The National Domestic Workers Alliance (NDWA) claims in a new report that thousands of au pairs who come to the U.S. each year are treated as underpaid domestic servants.
The U.S. State Department runs an au pair program that claims to provide a "mutually rewarding, intercultural opportunity" to U.S. host families and non-U.S. citizens between the ages of 18 and 26. Benefits for participants include room, board, pay for childcare work, and up to $500 toward academic work.
However, in reality, because the program is not well-regulated, many hosts require au pairs to perform non-childcare tasks banned under the program. According to the NDWA, many of the tens of thousands of au pairs participating in the program work more than 45 hours cleaning, cooking, and gardening.

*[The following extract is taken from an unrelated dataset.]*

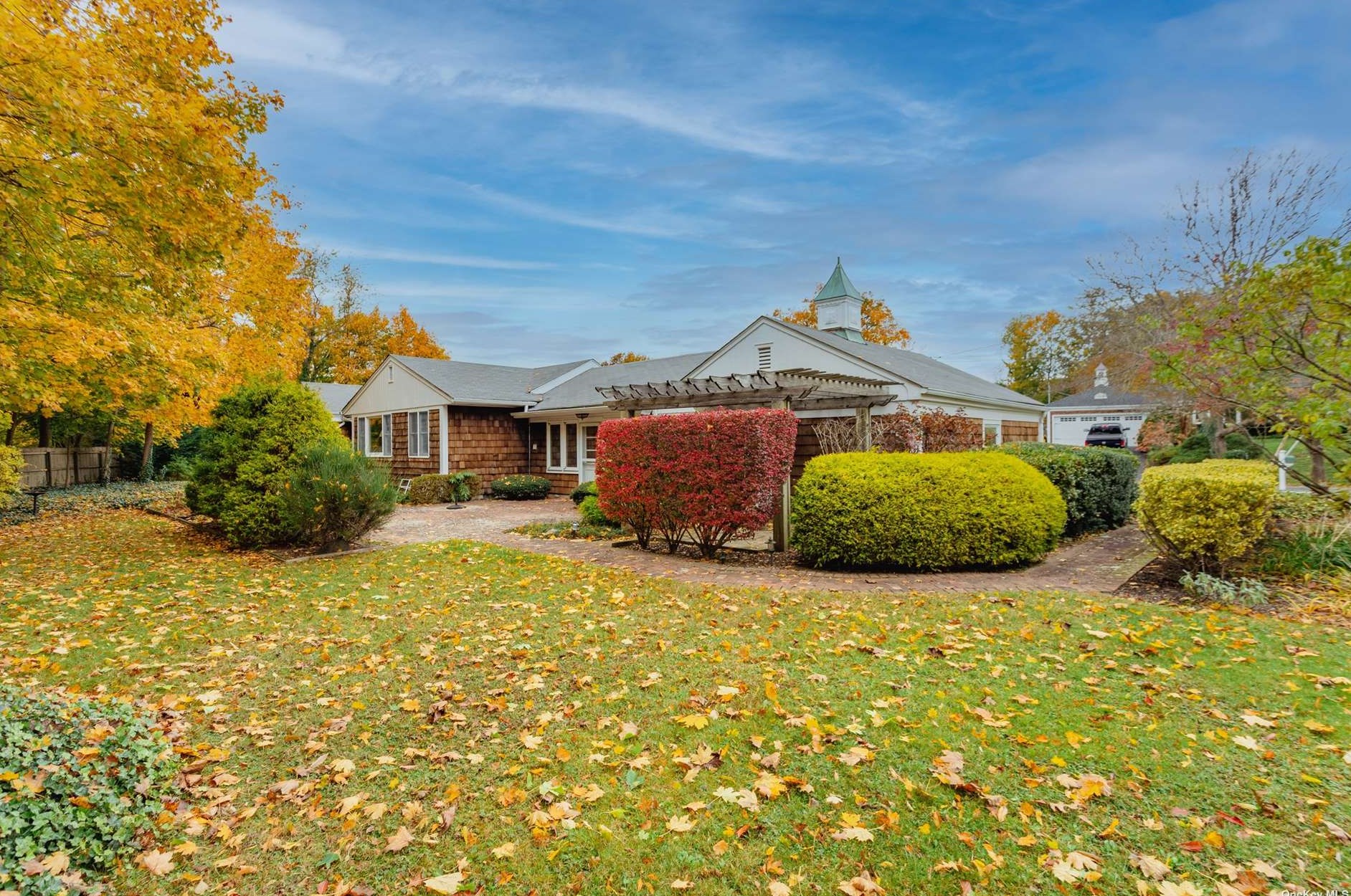 5 Fleetwood Dr, Hunt NY 11743-1332 exterior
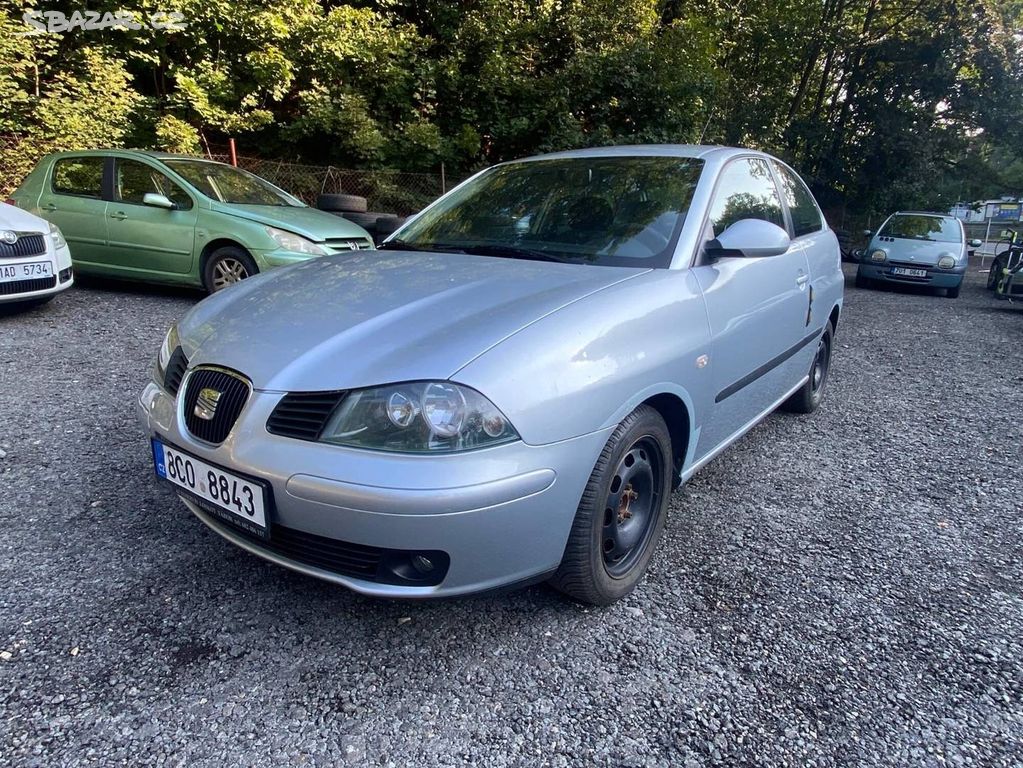 Seat Ibiza 1.4 16V 55kW klima výhřev tempomat 2006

The report also found that Fair Labor Standards Act (FLSA) protections are not enforced and au pairs receive a flat, weekly rate that equates to $4.35 per hour. Nearly half of the au pairs interviewed had paid between $1,500 and $2,500 in recruitment and sponsor fees to participate in the program.
In response, more than 900,000 current and former au pairs filed a class action lawsuit and have alleged "that 15 agencies designated by the State Department as au pair sponsors violated minimum and overtime laws."
Similarly, the State Department's J-1 Summer Work Travel Program has faced criticism for a lack of oversight and violations of FLSA labor laws. In 2011, participants working at a Hershey's chocolate factor staged a walk out, alleging the employer threatened them with deportation if they complained about abusive working conditions. In 2013, foreign college students on cultural work exchange visas went on strike, alleging that they had to work 20 hour shifts at McDonald's and pay unfairly high rent for cramped quarters. Kate Gibson "'Au pairs' in U.S. often treated as servants, critics say" cbsnews.com (Aug. 20, 2018).